Pouvez-vous en un mot définir la difficulté d’être un.e. aidant.e. ?

Épuisement

Si vous deviez vous adresser directement à un.e. aidant.e. maintenant, que lui diriez-vous ?
  • “Mets-toi en réseau avec des ami.e.s. Entoure-toi, ne reste pas seul.e.
  • Si tu ne remues pas ciel et terre pour trouver des infos et obtenir des l’aide, tu n’auras rien.
  • Demande immédiatement les aides auxquelles tu as droit, afin de les percevoir le plus rapidement possible car les délais d’attente sont infinis.
  • Mets tes affaires financières en ordre : va voir un notaire, assure l’avenir de tes enfants, ouvre un compte-joint avec tes enfants majeurs pour qu’ils aient accès  à des ressources au cas où il t’arrive quelque chose à toi alors que ton conjoint est incapable de s’occuper d’eux..
  • Ne te laisse pas maltraiter par les administrations : discute, défends-toi pied à pied, ne les laisse pas t’intimider et te traiter comme un numéro.
  • Déplace-toi plutôt que faire l’administratif par téléphone : en rendez-vous les gens sont sympas et aidants, dans toutes les administrations.
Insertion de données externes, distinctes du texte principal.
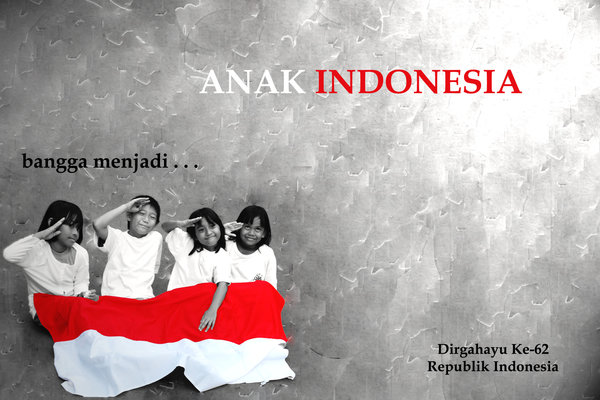 Indonesiaku Indonesiamu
Des solutions existent, il faut juste que les gens comprennent dans quelle situation tu te trouves.”
Lexique

*FAM : (Acronyme) Foyer d’Accueil Médicalisé

*HAS : (Acronyme) Haute Autorité de Santé.

*MDPH : (Acronyme) Maisons Départementales des Personnes Handicapées. Ces maisons sont chargées de l’accueil et de l’accompagnement des personnes handicapées et de leurs proches.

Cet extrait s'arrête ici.